* **YOUR INSTRUCTIONS**
The response must consist of the lines below from the one with "infestação de mosquitos" through the one with "Tulipa Single Late", exactly as they appear and with both ends kept.

* **DATA EXTRACTS**
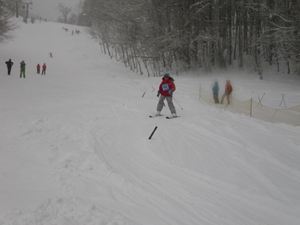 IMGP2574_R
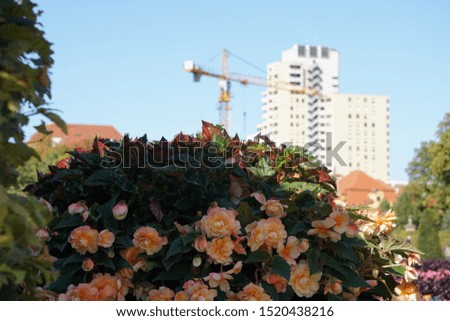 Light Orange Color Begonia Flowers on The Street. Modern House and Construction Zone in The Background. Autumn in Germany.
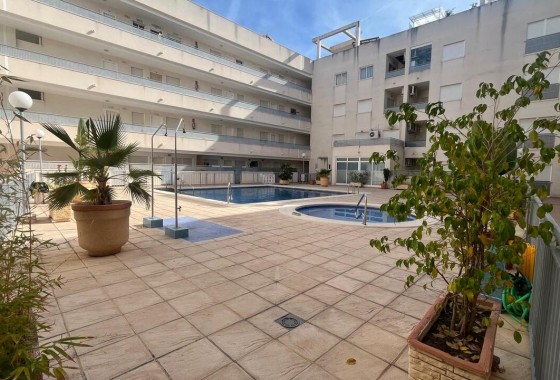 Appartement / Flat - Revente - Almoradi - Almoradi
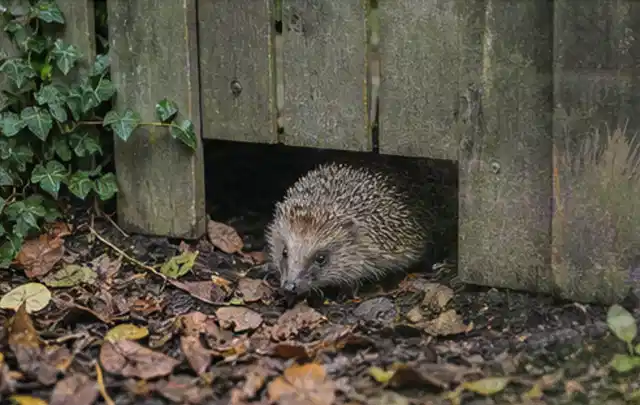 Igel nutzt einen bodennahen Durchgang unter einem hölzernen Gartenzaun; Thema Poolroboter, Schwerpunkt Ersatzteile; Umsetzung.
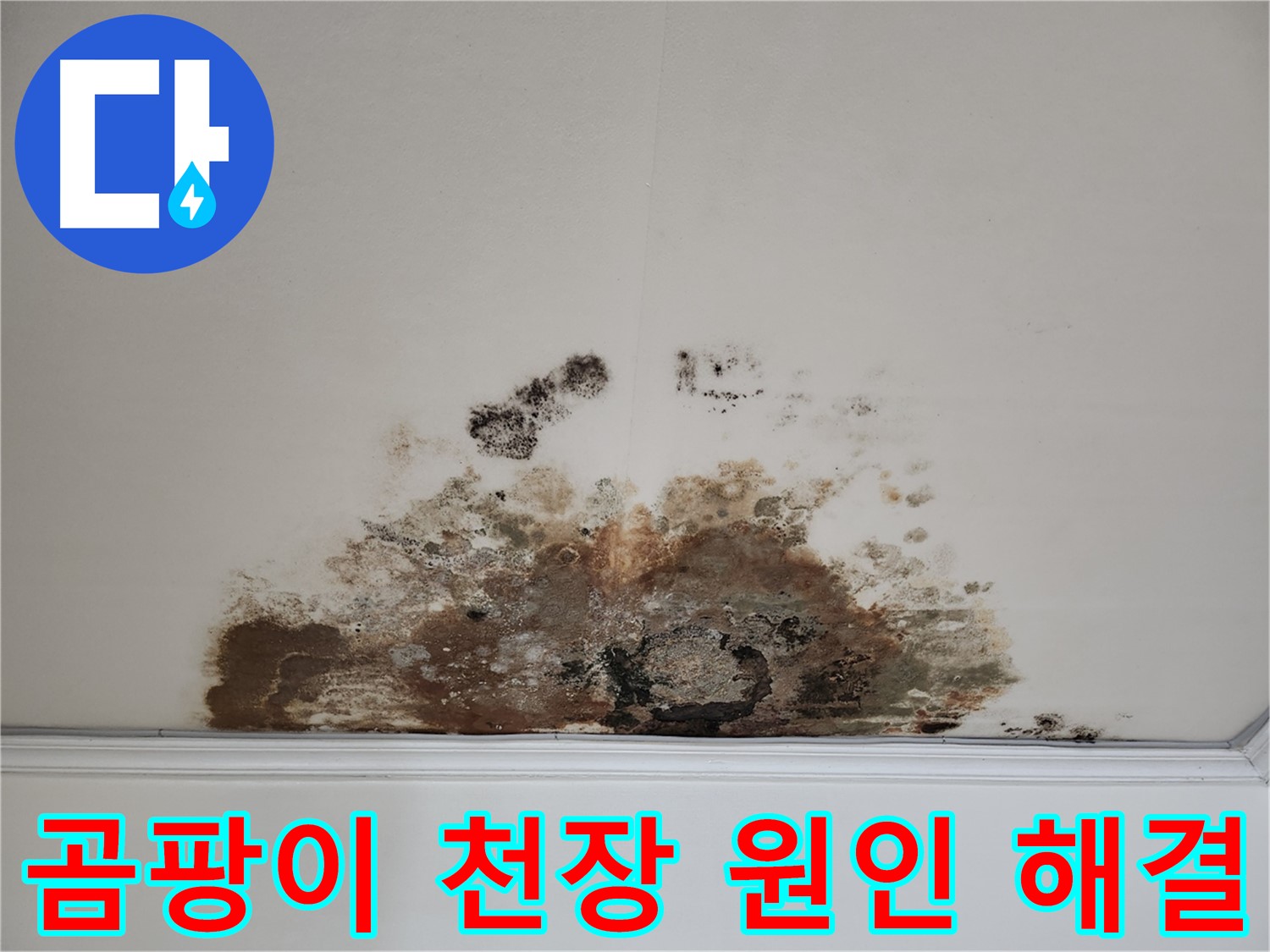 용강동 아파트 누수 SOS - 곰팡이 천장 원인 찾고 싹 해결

...

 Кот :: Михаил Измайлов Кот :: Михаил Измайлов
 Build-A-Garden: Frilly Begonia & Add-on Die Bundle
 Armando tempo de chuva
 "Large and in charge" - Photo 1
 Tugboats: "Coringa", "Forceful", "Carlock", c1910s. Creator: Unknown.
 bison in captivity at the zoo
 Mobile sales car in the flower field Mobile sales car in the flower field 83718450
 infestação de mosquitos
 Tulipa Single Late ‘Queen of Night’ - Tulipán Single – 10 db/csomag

* **REPLY**
 infestação de mosquitos
 Tulipa Single Late ‘Queen of Night’ - Tulipán Single – 10 db/csomag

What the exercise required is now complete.